Gensim phrase handling sentence with a lot of punctuation

Now I am trying to use gensim Phrases in order to learn the phrase/special meaning base on my own corpus.

Suppose I have the corpus related to the car brand, by removing the punctuation and stopwords, tokenizing the sentence, eg:

sent1 = 'aston martin is a car brand'
sent2 = 'audi is a car brand'
sent3 = 'bmw is a car brand'
...

In this way, I would like to use gensim Phrases to learn so that output looks like:

from gensim.models import Phrases
sents = [sent1, sent2, sent3, ...]
sents_stream = [sent.split() for sent in sents]
bigram = Phrases(sents_stream)

for sent in sents:
    print(bigram [sent])

# Ouput should be like:
['aston_martin', 'car', 'brand']
['audi', 'car', 'brand']
['bmw', 'car', 'brand']
...

However, if a lot of sentences that have a lot of punctuation:

sent1 = 'aston martin is a car brand'
sent2 = 'audi is a car brand'
sent3 = 'bmw is a car brand'
sent4 = 'jaguar, aston martin, mini cooper are british car brand'
sent5 = 'In all brand, I love jaguar, aston martin and mini cooper'
...

Then the output looks like:

from gensim.models import Phrases
sents = [sent1, sent2, sent3, sent4, sent5, ...]
sents_stream = [sent.split() for sent in sents]
bigram = Phrases(sents_stream)

for sent in sents:
    print(bigram [sent])

# Ouput should be like:
['aston', 'martin', 'car', 'brand']
['audi', 'car', 'brand']
['bmw', 'car', 'brand']
['jaguar', 'aston', 'martin_mini', 'cooper', 'british', 'car', 'brand']
['all', 'brand', 'love', 'jaguar', 'aston', 'martin_mini', 'cooper']
...

In this case, how should I handle the sentence with lot of punctuation to prevent martin_mini case and make the output looks like:

['aston', 'martin', 'car', 'brand']
['audi', 'car', 'brand']
['bmw', 'car', 'brand']
['jaguar', 'aston_martin', 'mini_cooper', 'british', 'car', 'brand'] # Change
['all', 'brand', 'love', 'jaguar', 'aston_martin', 'mini_cooper'] # Change
...

Thanks so much for helping!

Solution

The punctuation may not be the major contributor to your unsatisfactory results.

The Phrases class needs lots of natural usage examples to apply its purely-statistics-based combination of plausible bigrams. (It won't work well on smal/toy-sized/contrived datasets.)
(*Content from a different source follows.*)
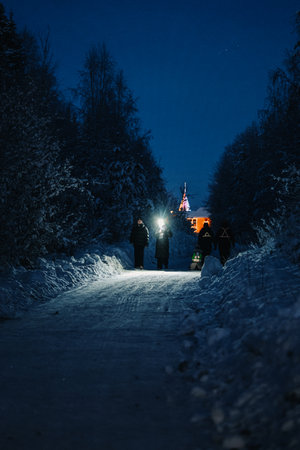 People with flashlight walking down snowy path in Rovaniemi, Laplandの写真素材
And even with lots of data, that Phrases class won't consistently match the "phrases" or "entities" that humans naturally perceive, using their understanding of parts-of-speech and the underlying concepts in the world. Even with lots of tuning of its various meta-parameters, it will miss pairings you might prefer, and make pairings you may consider unnatural. Text with its pairings added may still be useful for many purposes – especially classification & info-retrieval tasks – but is unlikely to appear aesthetically correct to human reviewers.

In your tiny contrived example, it appears that martin_mini becomes a bigram because the words martin and mini appear alongside each other enough, compared to their individual frequencies, to trigger the Phrases algorithmic-combination.

To prevent that particular outcome, you could consider (1) giving Phrases more/better data; (2) tuning Phrases parameters like min_count, threshold, or scorer; or (3) changing your preprocessing/tokenization.

I'm not sure what would work best, for your full dataset & project goals, and as noted above, the results of this technique may never closely match your ideas of mutli-word car terms.

You might also consider leaving in punctuation as tokens, and leaving in stop words, so that your preprocessing doesn't create false pairings like "martin mini". For example, your sent5 tokenization could become:

['in', 'all', 'brand', ',', 'i', 'love', 'jaguar', ',', 'aston', 'martin', 'and', 'mini', 'cooper']

The data's natural splitting of martin and mini would then be restored in the version that reaches Phrases – so you'd be unlikely to see the same failure you're seeing. (You might very well see other failures instead, where undesired punctuation or stop-words become part of identified bigrams, when statistics imply those tokens co-occur often enough to be considered a single unit. But that's the essence and limitation of the Phrases algorithm.)